Critique
Leonardo (Oscar Martinez) et Martha (Cecilia Roth) approchent de la soixantaine. Ils ont eu jusque-là une vie bien remplie, lui comme dramaturge célèbre, elle à s’occuper de leurs trois enfants. Mais tandis que leurs garçons partent à l’étranger pour y continuer leurs études, leur fille épouse un écrivain israélien et s’installe au Proche-Orient. Le couple se retrouve seul. Martha y trouve l’occasion de se plonger dans tout ce qu’elle a laissé de côté pour élever sa famille. Exubérante et surexcitée, elle déconcerte Leonardo qui ne la comprend plus, alors qu’il se retrouve au contraire très désemparé.
Avec peu de dialogues, Daniel Burman réussit à faire sourdre l’inquiétude qui habite son protagoniste. Le réalisateur argentin n’a pas encore atteint la quarantaine, mais en observant ce qu’il risque de vivre dans vingt ans, il fait preuve d’une grande pertinence. D’un esprit plutôt sombre aussi. Il ne s’en cache pas. «Je suis arrivé à une période de ma vie où, plutôt que parler de mes propres angoisses, je préfère les projeter sur des personnages qui me sont extérieurs.»
Leonardo se voit vieillir, maintenant que ses enfants sont partis; il y a pire, sa fille épouse un écrivain et, à ce titre, elle se défait doublement de son père. Tandis que la mort se rapproche, tout semble s’écrouler pour cet homme habitué à la reconnaissance. Comment s’en sortir? «Les fantasmes sont essentiels pour s’évader de la réalité… Ils font parie de la réalité», explique le réalisateur. Ces fantasmes, subtilement insérés dans l’histoire, prennent l’apparence d’un psychiatre, observateur fin et précieux conseiller, bien plus utile à Leonardo que les amis de sa femme, autant de bavards qu’il ne comprend pas.

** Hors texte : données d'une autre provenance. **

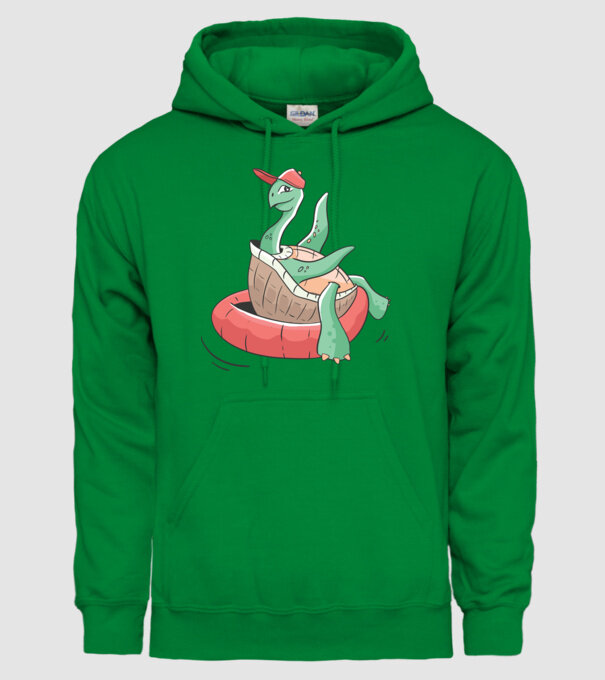 Broască țestoasă cool model verde pe tricou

Daniel Burman fait de LES ENFANTS SONT PARTIS un film qui ne manque ni d’humour, ni de cruauté. Son portrait de la société est sarcastique, qu’il s’agisse des amis bourgeois parmi lesquels se complaît Martha, ou du milieu israélien de sa fille qui s’habitue à vivre dans un appartement où traîne un fusil mitrailleur. Sa peinture, délicate, sans excès, est une réussite qui doit beaucoup à la simplicité avec laquelle il aborde l’existence. «Les héros, précise Daniel Burman, ce sont ces individus qui réussissent à franchir les étapes de leur vie et à accepter le présent.»